II. SUR LES DEMANDES DE CONDAMNATION AU PAIEMENT :
Monsieur [H] [I] et Madame [B] [F] produisent un décompte en date du 14 janvier 2026 justifiant d’un arriéré locatif d’un montant de 7.344,13 euros, mensualité de janvier 2026 incluse et frais de procédure déduits.
Madame [A] [T] n’a contesté ni le principe ni le montant de la dette.
Elle sera en conséquence condamnée à titre provisionnel au paiement de cette somme de 7.344,13 euros.
Madame [A] [T] sera également condamnée au paiement d’une indemnité mensuelle d’occupation pour la période courant depuis la résolution du bail.
L’arriéré est compris dans la somme provisionnelle déjà ordonnée.
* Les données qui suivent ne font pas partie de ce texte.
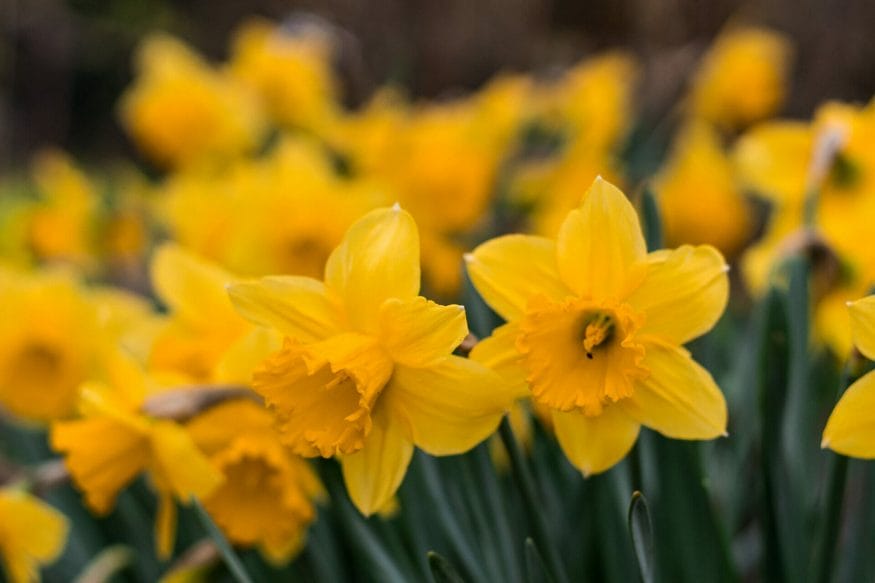 The daffodil encourages us to embrace change, pursue personal growth, and appreciate the ever-evolving journey of life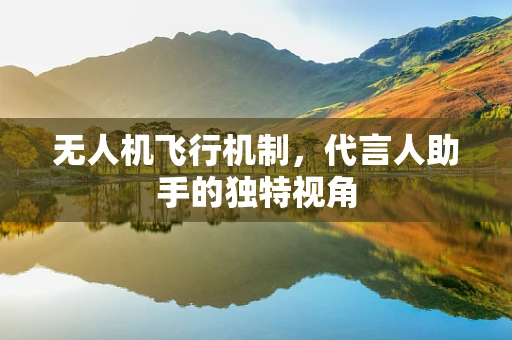 无人机飞行机制，代言人助手的独特视角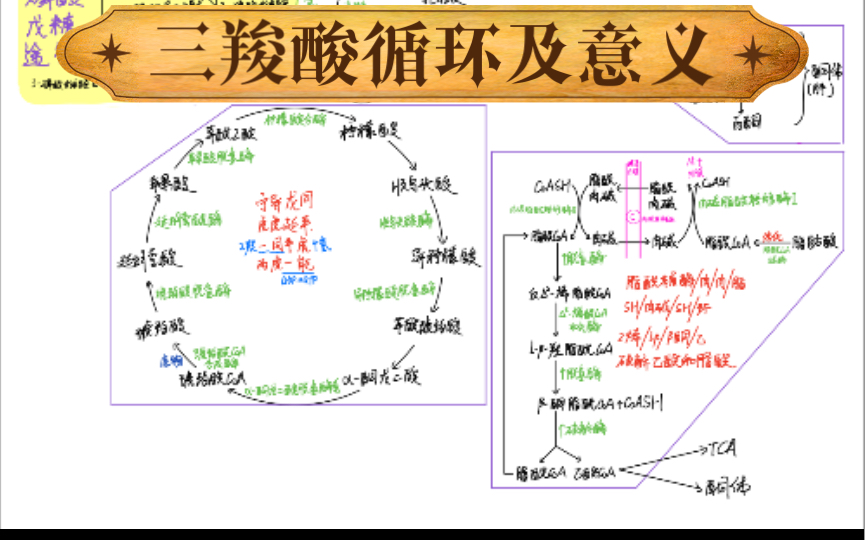 TCA途径图片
Les indemnités d’occupation s’ajoutant au montant provisionnel courront à compter du 1er février 2026 et jusqu’à la date de libération effective et définitive des lieux.
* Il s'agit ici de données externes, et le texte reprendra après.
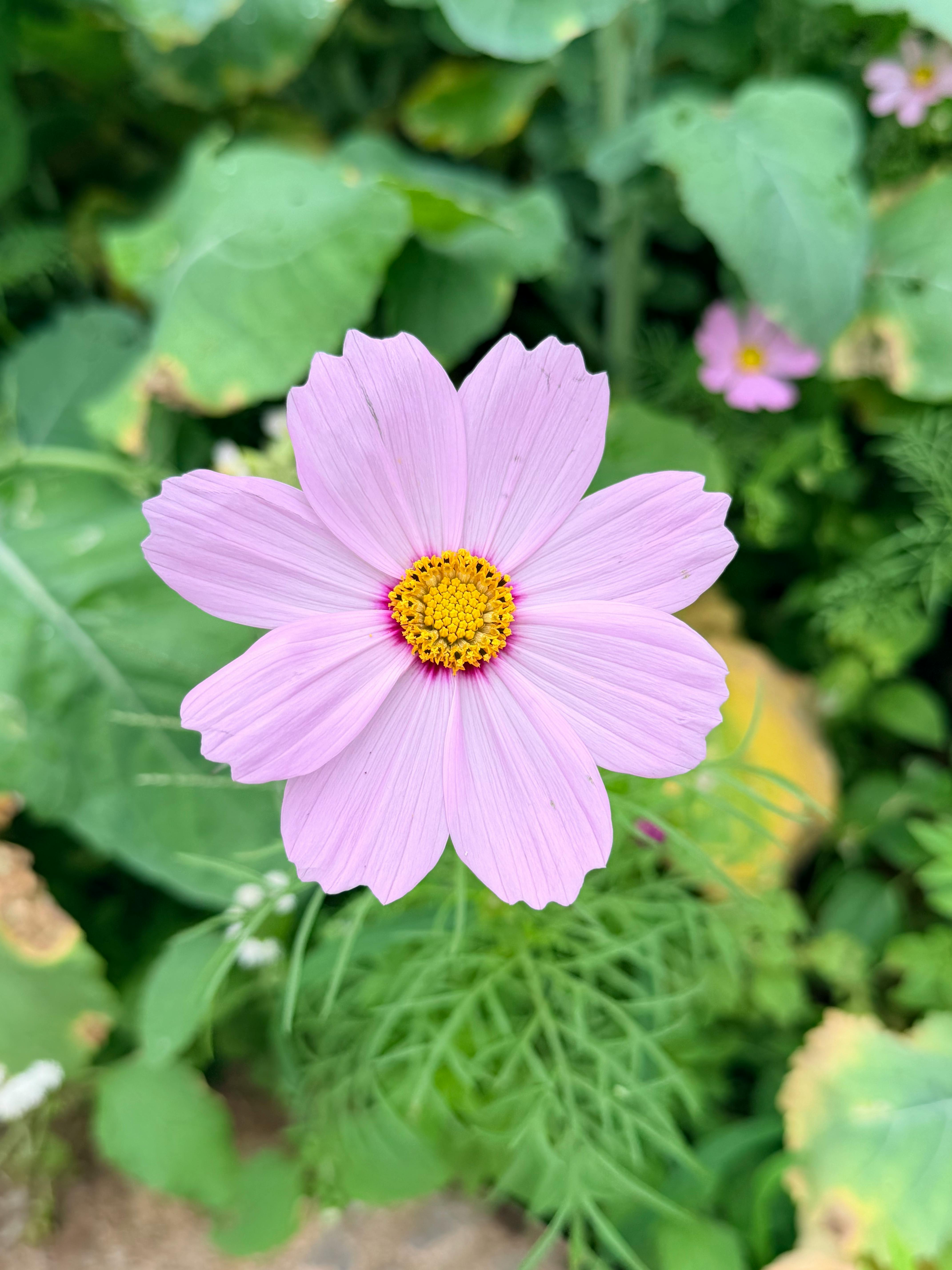 [ColoSach]-a-beautiful-close-up-of-a-pink-cosmos-bipinnatus-flower-against-lush-green-foliage.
Cette indemnité mensuelle d’occupation sera fixée au montant résultant du loyer et des charges tel qu’il aurait été si le contrat s’était poursuivi.
III. SUR LES DEMANDES ACCESSOIRES :
Madame [A] [T], partie perdante, supportera la charge des dépens, qui comprendront notamment le coût du commandement de payer, de son signalement à la CCAPEX, de l’assignation en référé et de sa notification à la préfecture.
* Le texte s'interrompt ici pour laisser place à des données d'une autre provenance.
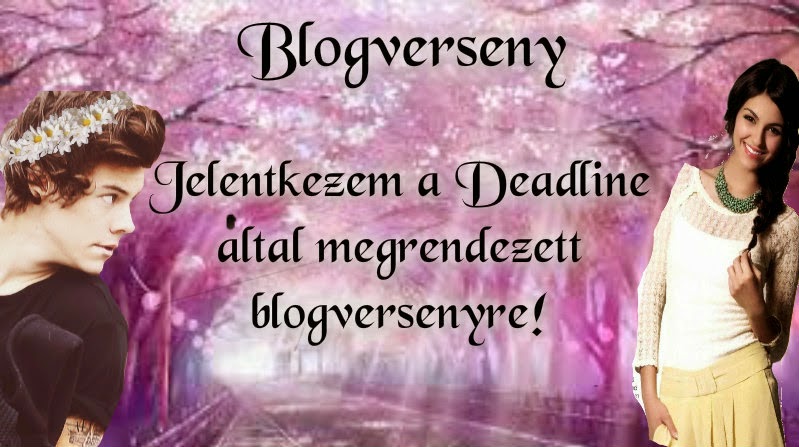 Blogverseny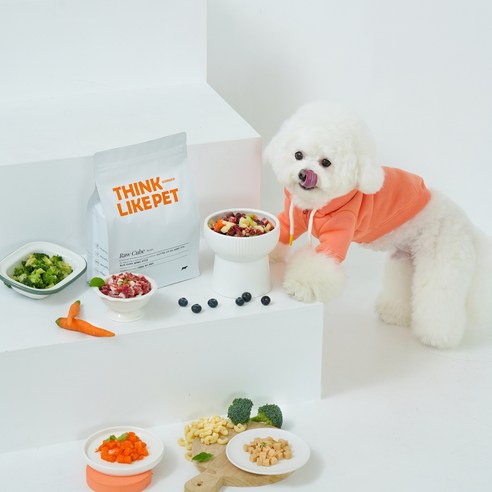 씽크라이크펫 강아지 큐브 생식은 건강한 애완견을 위한 최고의 선택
Compte tenu des démarches judiciaires qu’ont dû accomplir Monsieur [H] [I] et Madame [B] [F], Madame [A] [T] devra leur verser une somme de 300 euros au titre de l’article 700 du code de procédure civile.
PAR CES MOTIFS
Nous, juge des contentieux de la protection, statuant en référé, par ordonnance mise à disposition au greffe, contradictoire et en premier ressort,
CONSTATONS que les conditions d’acquisition de la clause résolutoire figurant au bail ayant pris effet le 27 janvier 2025 conclu entre Monsieur [H] [I] et Madame [B] [F] d’une part et Madame [A] [T] d’autre part concernant un appartement à usage d’habitation (n°B14) avec terrasse et jardin et deux places de parking au sous-sol (n°p28 et p29) situés [Adresse 6] à [Localité 3] , sont réunies à la date du 26 juillet 2025 ;
ORDONNONS en conséquence à Madame [A] [T] de libérer les lieux et de restituer les clés dans le délai de 8 jours à compter de la signification de la présente
ordonnance ;
DISONS qu’à défaut pour Madame [A] [T] d’avoir volontairement libéré les lieux et restitué les clés dans ce délai, Monsieur [H] [I] et Madame [B] [F] pourront deux mois après la signification d’un commandement de quitter les lieux, faire procéder à son expulsion ainsi qu’à celle de tous occupants de son chef, y compris le cas échéant avec le concours de la force publique et d’un serrurier ;
DISONS n’y avoir lieu à ordonner l’enlèvement, le transport et la séquestration des meubles éventuellement laissés sur place ;
CONDAMNONS Madame [A] [T] à verser à Monsieur [H] [I] et Madame [B] [F] à titre provisionnel la somme de 7.344,13 euros au titre de la dette locative selon décompte en date du 14 janvier 2026, mensualité de janvier 2026 incluse ;
CONDAMNONS Madame [A] [T] à payer à Monsieur [H] [I] et Madame [B] [F] à titre provisionnel une indemnité mensuelle d’occupation à compter du 26 juillet 2025 dont l’arriéré est déjà liquidé au titre de la condamnation provisionnelle prononcée. Pour le futur, l’indemnité courra du 1er février 2026 et jusqu’à la date de libération définitive des lieux et la restitution des clés ;
FIXONS cette indemnité mensuelle d’occupation au montant du loyer et des charges, calculés tels que si le contrat s’était poursuivi ;
CONDAMNONS Madame [A] [T] à verser à Monsieur [H] [I] et Madame [B] [F] une somme de 300 euros au titre de l’article 700 du code du code de procédure civile ;
CONDAMNONS Madame [A] [T] aux dépens, qui comprendront notamment le coût du commandement de payer, de son signalement à la CCAPEX, de l’assignation en référé et de sa notification à la préfecture ;
DEBOUTONS Monsieur [H] [I] et Madame [B] [F] de toute demande plus ample ou contraire ;
RAPPELONS que la présente ordonnance est de plein droit exécutoire à titre provisoire.